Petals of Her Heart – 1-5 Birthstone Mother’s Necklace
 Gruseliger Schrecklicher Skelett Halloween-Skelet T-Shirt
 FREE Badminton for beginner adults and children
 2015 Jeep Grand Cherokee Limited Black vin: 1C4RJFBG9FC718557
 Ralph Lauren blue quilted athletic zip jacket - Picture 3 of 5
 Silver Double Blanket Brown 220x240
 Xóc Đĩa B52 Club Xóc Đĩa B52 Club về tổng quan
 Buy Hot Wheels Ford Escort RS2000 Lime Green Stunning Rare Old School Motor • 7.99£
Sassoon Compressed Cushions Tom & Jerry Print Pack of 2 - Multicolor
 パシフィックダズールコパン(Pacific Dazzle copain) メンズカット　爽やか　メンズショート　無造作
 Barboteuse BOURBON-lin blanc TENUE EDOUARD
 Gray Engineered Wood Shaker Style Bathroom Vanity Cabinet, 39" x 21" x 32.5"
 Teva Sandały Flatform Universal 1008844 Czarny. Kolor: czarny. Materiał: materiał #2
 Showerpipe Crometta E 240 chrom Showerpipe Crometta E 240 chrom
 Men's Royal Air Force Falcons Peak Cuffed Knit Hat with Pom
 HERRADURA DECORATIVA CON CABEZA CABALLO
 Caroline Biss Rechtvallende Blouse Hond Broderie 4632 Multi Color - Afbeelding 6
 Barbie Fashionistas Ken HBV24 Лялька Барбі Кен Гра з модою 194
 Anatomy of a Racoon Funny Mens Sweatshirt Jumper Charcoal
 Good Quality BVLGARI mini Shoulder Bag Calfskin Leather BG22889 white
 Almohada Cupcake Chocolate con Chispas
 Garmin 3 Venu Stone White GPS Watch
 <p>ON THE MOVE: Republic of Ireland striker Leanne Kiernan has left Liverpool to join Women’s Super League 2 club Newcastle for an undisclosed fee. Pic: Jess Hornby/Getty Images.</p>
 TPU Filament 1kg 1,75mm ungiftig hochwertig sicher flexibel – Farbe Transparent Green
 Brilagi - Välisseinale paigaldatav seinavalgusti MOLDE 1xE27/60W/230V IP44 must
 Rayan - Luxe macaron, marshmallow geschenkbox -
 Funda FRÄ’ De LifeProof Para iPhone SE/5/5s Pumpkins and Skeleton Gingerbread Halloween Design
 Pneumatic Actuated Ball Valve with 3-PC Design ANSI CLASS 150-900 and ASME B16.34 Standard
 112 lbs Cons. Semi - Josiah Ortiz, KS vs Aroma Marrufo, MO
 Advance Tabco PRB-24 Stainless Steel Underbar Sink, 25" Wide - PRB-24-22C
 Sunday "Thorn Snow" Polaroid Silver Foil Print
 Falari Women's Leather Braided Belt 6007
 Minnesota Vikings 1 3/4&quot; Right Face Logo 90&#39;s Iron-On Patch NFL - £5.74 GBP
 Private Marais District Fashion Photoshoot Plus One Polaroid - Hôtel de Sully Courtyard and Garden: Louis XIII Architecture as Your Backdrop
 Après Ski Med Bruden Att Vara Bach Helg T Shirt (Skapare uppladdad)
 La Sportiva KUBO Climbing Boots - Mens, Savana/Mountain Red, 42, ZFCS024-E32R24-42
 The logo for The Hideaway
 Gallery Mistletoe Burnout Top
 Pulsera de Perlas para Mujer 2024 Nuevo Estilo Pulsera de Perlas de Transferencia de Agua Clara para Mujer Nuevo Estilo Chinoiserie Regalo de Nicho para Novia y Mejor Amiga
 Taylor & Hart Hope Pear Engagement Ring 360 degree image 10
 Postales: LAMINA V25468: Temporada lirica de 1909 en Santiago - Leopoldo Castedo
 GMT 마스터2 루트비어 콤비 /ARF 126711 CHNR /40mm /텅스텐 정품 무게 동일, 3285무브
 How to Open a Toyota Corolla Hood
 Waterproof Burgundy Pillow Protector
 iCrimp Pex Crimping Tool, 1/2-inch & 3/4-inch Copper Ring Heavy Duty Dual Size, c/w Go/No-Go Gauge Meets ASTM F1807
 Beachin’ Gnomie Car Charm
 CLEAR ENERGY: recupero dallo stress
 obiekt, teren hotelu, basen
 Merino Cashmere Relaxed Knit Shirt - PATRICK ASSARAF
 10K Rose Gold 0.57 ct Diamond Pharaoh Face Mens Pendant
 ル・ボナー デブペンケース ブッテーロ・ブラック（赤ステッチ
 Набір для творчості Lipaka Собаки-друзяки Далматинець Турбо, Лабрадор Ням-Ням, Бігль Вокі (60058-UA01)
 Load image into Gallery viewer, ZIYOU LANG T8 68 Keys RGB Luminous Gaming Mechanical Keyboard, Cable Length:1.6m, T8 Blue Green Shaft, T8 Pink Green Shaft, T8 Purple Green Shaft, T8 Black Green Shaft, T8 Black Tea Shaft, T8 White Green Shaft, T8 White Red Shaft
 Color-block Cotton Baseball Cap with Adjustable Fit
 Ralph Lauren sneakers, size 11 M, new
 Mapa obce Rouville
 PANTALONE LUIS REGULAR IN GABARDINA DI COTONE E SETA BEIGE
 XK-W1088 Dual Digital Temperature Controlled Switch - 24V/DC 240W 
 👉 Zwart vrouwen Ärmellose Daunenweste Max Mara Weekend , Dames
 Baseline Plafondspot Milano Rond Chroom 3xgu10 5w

Work task: Each line above from the one with "10K Rose Gold" up to and including the one with "Набір для творчості" must be set down exactly, and no line outside that span may appear.

Output of the task:
 10K Rose Gold 0.57 ct Diamond Pharaoh Face Mens Pendant
 ル・ボナー デブペンケース ブッテーロ・ブラック（赤ステッチ
 Набір для творчості Lipaka Собаки-друзяки Далматинець Турбо, Лабрадор Ням-Ням, Бігль Вокі (60058-UA01)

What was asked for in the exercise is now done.